*** LISTED RECORDS
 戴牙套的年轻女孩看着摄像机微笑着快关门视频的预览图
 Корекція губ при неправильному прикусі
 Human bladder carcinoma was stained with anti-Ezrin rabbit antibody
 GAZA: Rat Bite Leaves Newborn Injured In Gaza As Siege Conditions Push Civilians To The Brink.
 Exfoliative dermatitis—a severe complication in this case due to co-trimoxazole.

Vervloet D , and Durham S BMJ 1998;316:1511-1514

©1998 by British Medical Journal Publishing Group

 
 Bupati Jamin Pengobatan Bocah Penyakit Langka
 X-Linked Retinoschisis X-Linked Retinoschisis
******
*** LISTED RECORDS
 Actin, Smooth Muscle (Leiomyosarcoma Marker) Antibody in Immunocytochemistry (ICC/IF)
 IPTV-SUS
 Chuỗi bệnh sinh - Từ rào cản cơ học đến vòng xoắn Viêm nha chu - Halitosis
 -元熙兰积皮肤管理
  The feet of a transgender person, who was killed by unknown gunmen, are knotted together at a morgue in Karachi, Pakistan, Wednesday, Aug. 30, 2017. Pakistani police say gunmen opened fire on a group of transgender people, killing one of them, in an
******
*** LISTED RECORDS
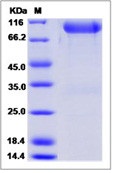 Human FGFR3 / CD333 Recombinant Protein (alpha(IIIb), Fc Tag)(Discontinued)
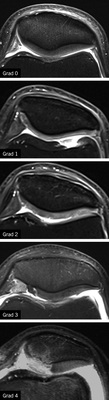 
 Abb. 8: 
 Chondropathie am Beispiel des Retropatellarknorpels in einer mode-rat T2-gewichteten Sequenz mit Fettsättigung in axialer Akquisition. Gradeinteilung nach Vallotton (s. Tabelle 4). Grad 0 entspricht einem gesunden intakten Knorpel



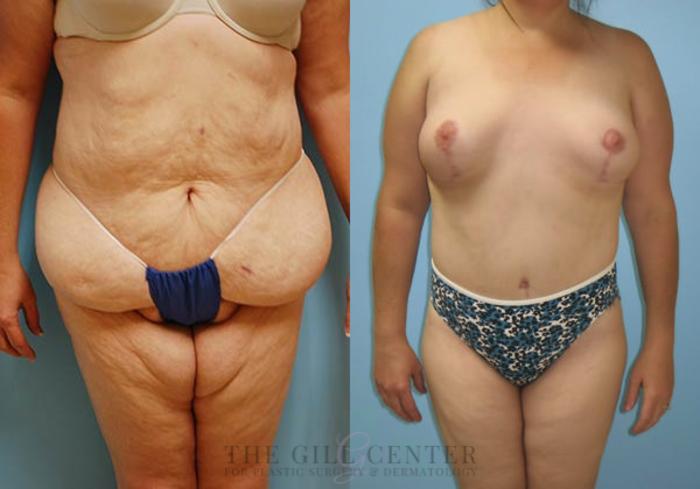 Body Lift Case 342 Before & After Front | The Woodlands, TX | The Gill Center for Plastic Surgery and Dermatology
******
**TASK PROMPT:**
Would you quote everything above from the line containing "Journal Publishing Group" down to the line containing "X-Linked Retinoschisis X-Linked"? Include both of those lines and nothing else.

**RESPONSE AREA:**
©1998 by British Medical Journal Publishing Group

 
 Bupati Jamin Pengobatan Bocah Penyakit Langka
 X-Linked Retinoschisis X-Linked Retinoschisis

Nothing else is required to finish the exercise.